ALL-945: Validate monitor outbox end-to-end
in_progressValidation task from Seph thread 1780496600.485949. Non-mutating checks first: code path, worker health, Datadog metrics/logs, DLQ/error signals, and existing test coverage. True prod E2E requires explicit approval for a production write: create/enable a test monitor that fires a transition, then observe evaluator -> MonitorTransitionOutbox -> Kafka -> alert bridge. Leave ALL-945 In Progress until validation completes.
Event Timeline
created
progress
# ALL-945 outbox validation — non-mutating pass
_Requested by Seph (Slack 1780496600.485949) | Fleet-task 983414cf | 2026-06-03 UTC_
---
## Background: What replaced PR #10991
PR #10991 (Wintermute's original) was closed per Seph on 2026-05-22 ("duplicate-agent overlap"). Seph authored a replacement: **PR #10977** (`seph/all-945-monitor-outbox-publisher`), merged **2026-05-22 15:56 UTC**. The final commit in that PR (`9da651732c`) cherry-adapted a fix from Wintermute's work (explicit `(monitorId, entityId, sequence)` ordering) and is the current drainLoop.ts on main.
---
## A. Code path (current main)
All four pipeline stages are present and wired in `c7e63a52ae` (current main HEAD).
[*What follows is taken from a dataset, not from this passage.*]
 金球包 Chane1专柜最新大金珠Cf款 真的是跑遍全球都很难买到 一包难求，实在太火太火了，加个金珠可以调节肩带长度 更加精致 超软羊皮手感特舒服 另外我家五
### 1. Evaluator → OutboxWrite
**File:** `domains/device/src/services/monitor/evaluator/evaluator.ts`
**Function:** `writeEvaluationResult` (~line 779)
When a transition is detected (`evaluation.transition` is truthy), the evaluator writes three rows **atomically inside a Postgres transaction**:
1. `MonitorEntityState` (update with version check)
2. `MonitorTransition` (insert)
3. `MonitorTransitionOutbox` (insert, ~line 954)
The payload is validated against `MonitorTransitionPayloadSchema` (from event-bus) **inside the transaction** before insert — if schema drifts, the whole transaction rolls back. This is correct transactional outbox pattern.
Outbox row fields: `transitionId`, `workspaceId`, `payload` (JSON, pre-built Kafka envelope payload), `publishedAt` (null = unpublished), `attempts=0`, `lastError=null`.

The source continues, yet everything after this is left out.